The Hungarian-born American art collector Imre Pákh told news agency MTI that he would not take measures to remove Mihály Munkácsy’s monumental painting “Golgotha” from a Debrecen gallery until the end of the summer. Earlier, Pákh said the painting would be removed from the Déri Museum on June 25, after talks on its sale to the state of Hungary reached an impasse.
The National Bank of Hungary (MNB) is willing to pay 6 million dollars to acquire “Golgotha” but Pákh is asking 9 million. Pákh said talks with the MNB on the painting’s purchase are “at a standstill”. “Nobody is negotiating with me, but I still hope that we can resolve this problem.” A second round of talks with the central bank took place on May 28, he noted. He said he considered the state’s recent decision to list “Golgotha”, effectively preventing its removal from the country, as a positive development. “It shows the government is finally taking the fate of the painting seriously,” he said.

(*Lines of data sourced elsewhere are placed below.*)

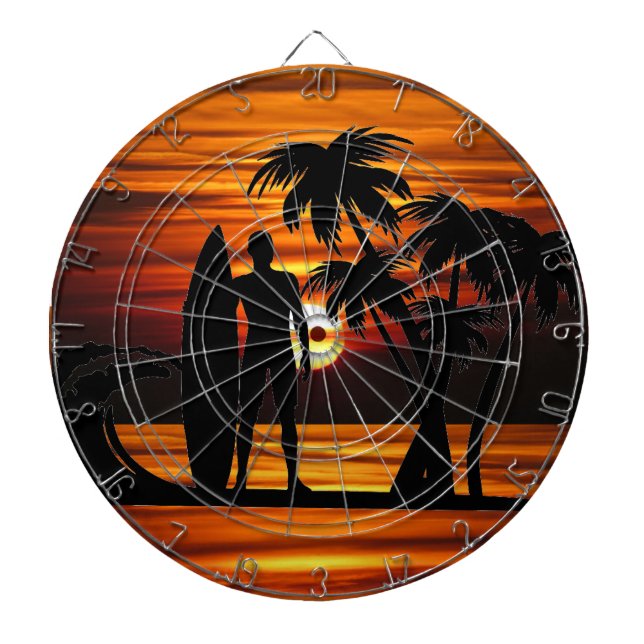 Surfer Dartscheibe (vorne)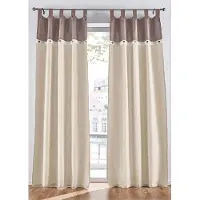 Bonprix Gordijn van biologisch katoen met knopen (1 stuk) maat h/b: 225/110 cm
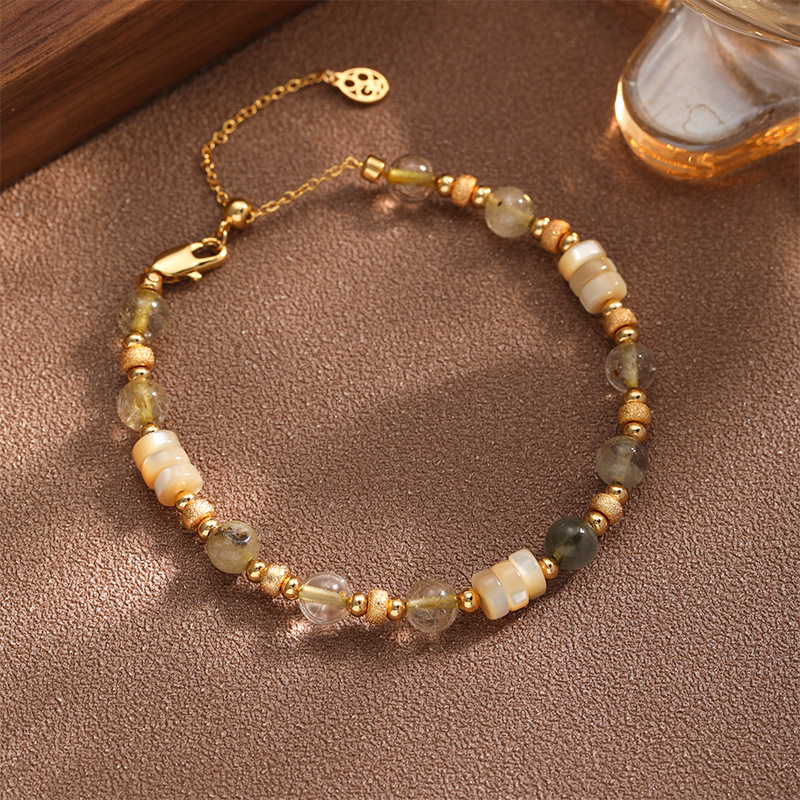 NALA娜啦缤纷复古自然石手链轻奢高级感不掉色手链女高级感手串女详情18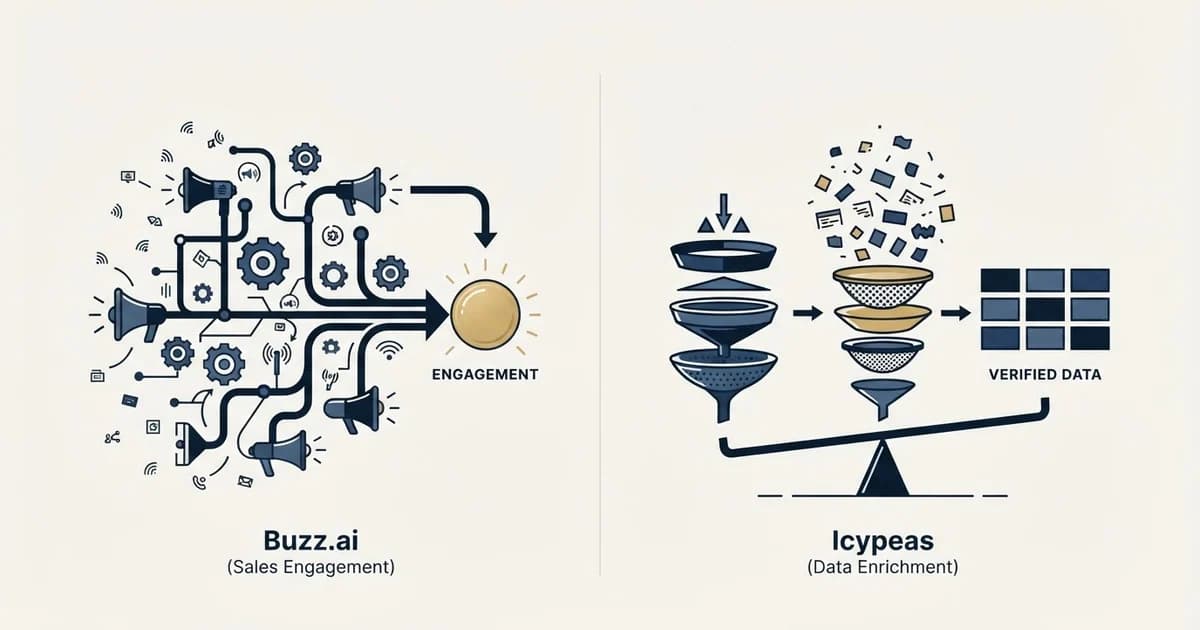 Editorial illustration for Buzz.ai vs Icypeas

“I’ll soon get a legal opinion, but the process of listing ‘Golgotha’ will probably turn out to be completely illegal. It appears certain that we can bring the matter to trial in the United States or Germany, or even Hungary, but I would like to avoid such trials,” he said, adding that leaving the painting where it is for another two and a half months would give MNB officials more time for talks. “I am committed to allowing as many Hungarians as possible to see Munkácsy’s paintings. I didn’t buy ‘Golgotha’ to keep it in my home, but if an agreement is not reached, I will be forced to take legal measures in the matter.”
Cabinet Chief János Lázár told a government press briefing that the Hungarian government is still ready to buy the painting, as “it should be public property”. He added, however, that Hungary “relies on the generosity” of Pákh and added that funds for the purchase were limited.